Scrape list of URLs contained on a website on a regular basis and compare lists for new/deleted/changed pages.
Begin the process by using a spider to download a URL list for a site. For optimal performance, I recommend using wget
on a current site on a regular basis. If you need to compare to old versions you didn't scrape, or if a site blocks spiders or has a Terms of Service that does not allow spiders, you can use wget
on a Wayback Machine snapshot (slow) or the Ruby gem wayback_machine_downloader
(see caveat below).
To download a list of URLs from a currently available website, such as whitehouse.gov:
wget -r --spider -o output_filename.txt --no-verbose -e robots=off https://www.whitehouse.gov
To download a list of URLs from a Wayback Machine snapshot:
wget -r --spider -o output_filename.txt --no-verbose -e robots=off http://web.archive.org/web/20170120092900/https://www.whitehouse.gov/
To download a list of URLs and most-recent timestamps on a site from Wayback Machine:
wayback_machine_downloader -t 20170122000000 --list https://www.whitehouse.gov > ./output_filename.txt
The -t 20170122000000
option tells the downloader only to consider versions created before midnight (000000
) on January 20, 2017 (20170120
).
Note: If a page on the site links to a page no longer available, this list will return the most recent timestamp for that page. It will not tell you that the page is not part of the website as of that time.

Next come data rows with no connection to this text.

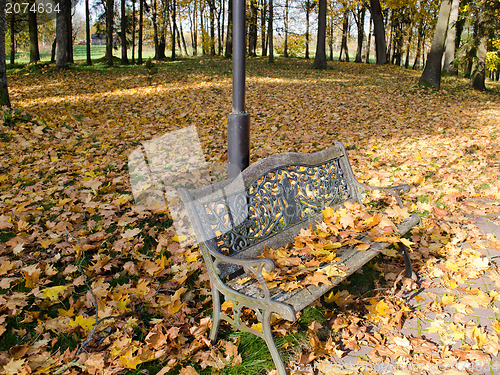 Image of retro steel bench autumn park colorful leaves 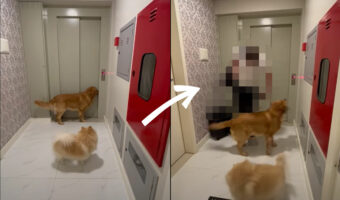 エレベーターの前でソワソワしている2匹の犬。エレベーターが開くとそこにいたのは、この子達の大好きな・・!!【海外・動画】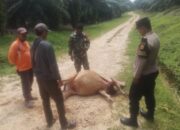 Sapi Karyawan PTPN Di Aceh Timur Dimangsa Harimau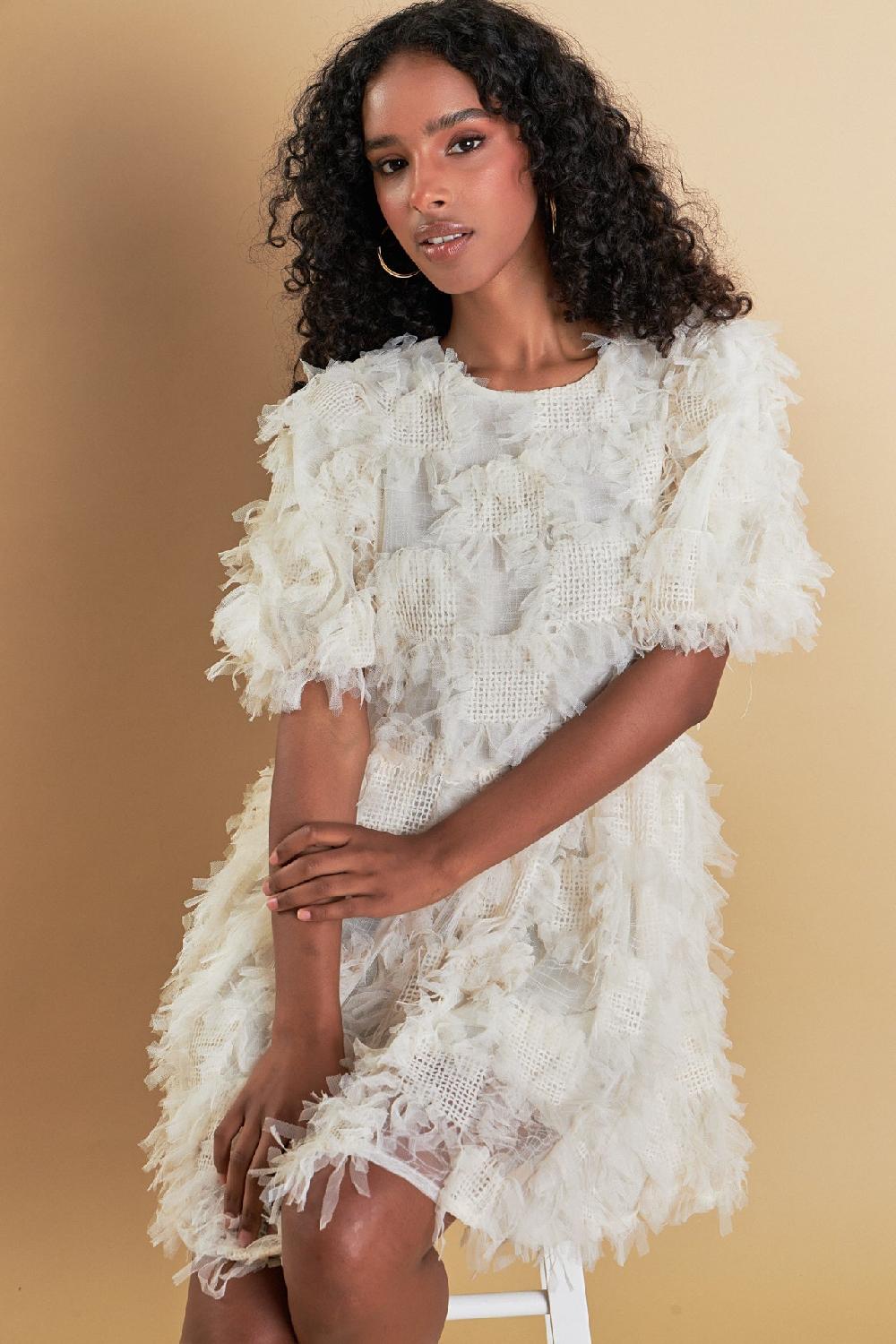 endless rose Textured Mesh Mini Dress CREAM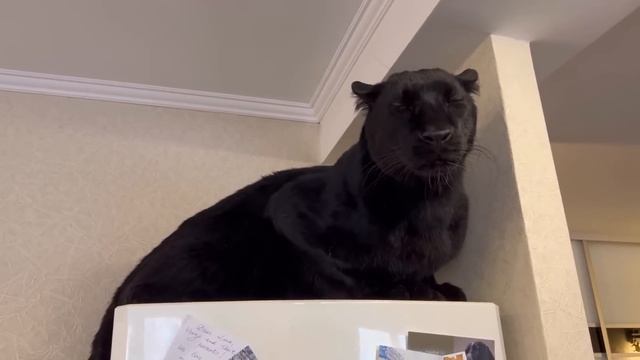 Panther Luna And Dragon ?? / Weighing A Leopard And A Rottweiler ?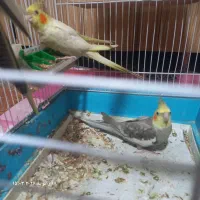 جفت عروس هلندی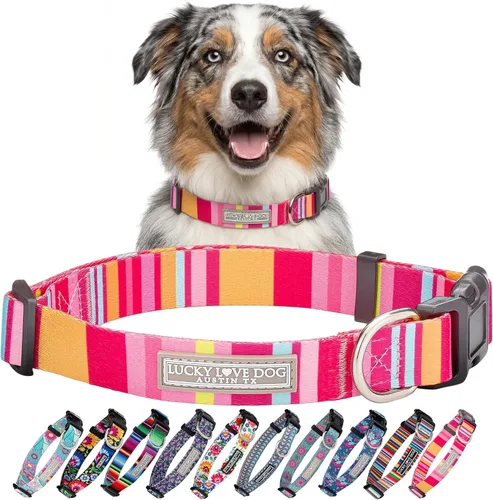 Vista 41 de Lucky Love Dog - Collar para perras pequeñas, diseño Blackbird de estampado alegre con flores de primavera y verano, talla XS Collar Blackbird
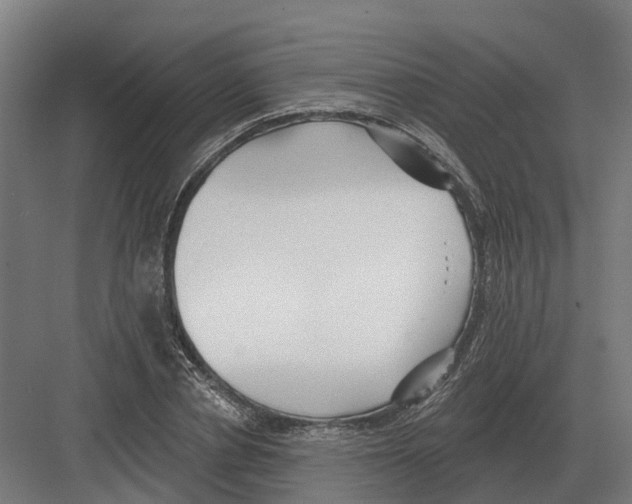 X0000082160834200702162232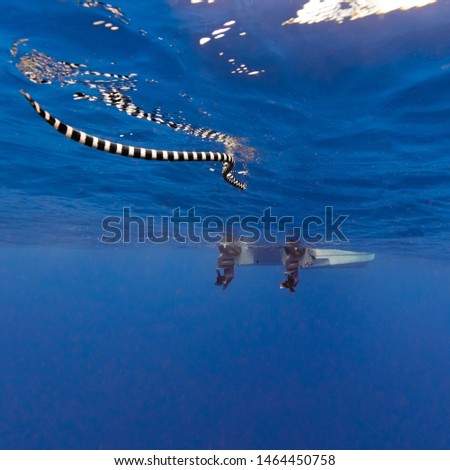 A Black and White Banded Sea Snake Swims Towards A Boat in Blue Water Royalty-Free Stock Photo #1464450758
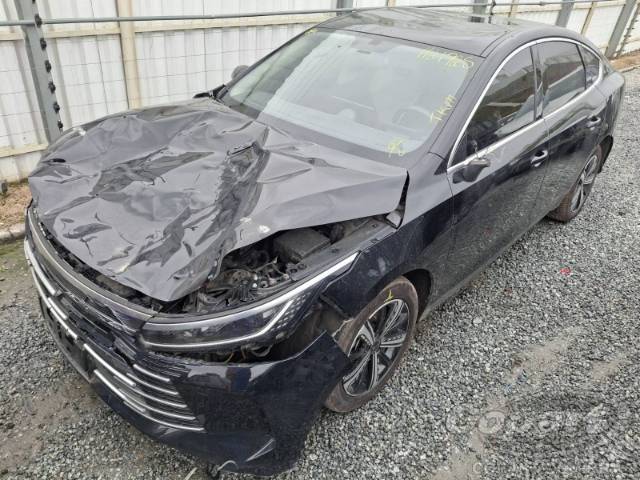 2025 BYD KING 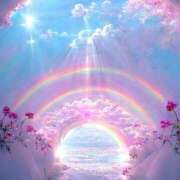 ヒメ日記 2025/11/24 18:35 投稿 かすみ アイムシェイク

Once you have a text file containing the results of a wget
spider process (above), use clean_url_list_wget.py
to convert the text output into a clean, machine-readable CSV file. Edit the filenames at the top of the script before running.
Use the above spider command to download timestamps for page changes using wayback_machine_downloader
. The timestamp put in the script should be the timestamp of the second scrape. Format: YYYYMMDDHHMMSS
(UTC time).
When you have cleaned the URL list output of two different spider processes on a site and the Wayback Machine timestamps, use compare_two_lists.py
to check for which URLs are in both sites, added or deleted between sites, and then check the Wayback Machine to see if any of the URLs in both sites have changed. Will output text files for each of those checks. Edit the filenames and timestamps at the top of the script before running.
- Deepen the levels of scraping for the spider scripts, re-run on whitehouse.gov to test.
- Create a script that will take the output of a scrape comparison and make it into a Jekyll/GitHub Pages blog post.
- Add a shell script to make the entire process more automatic.
- Add a cron job to run the process regularly on multiple websites and automatically publish blog posts.
- Test on other sites and refine the model.
- Optimize/troubleshoot the diff-checking process.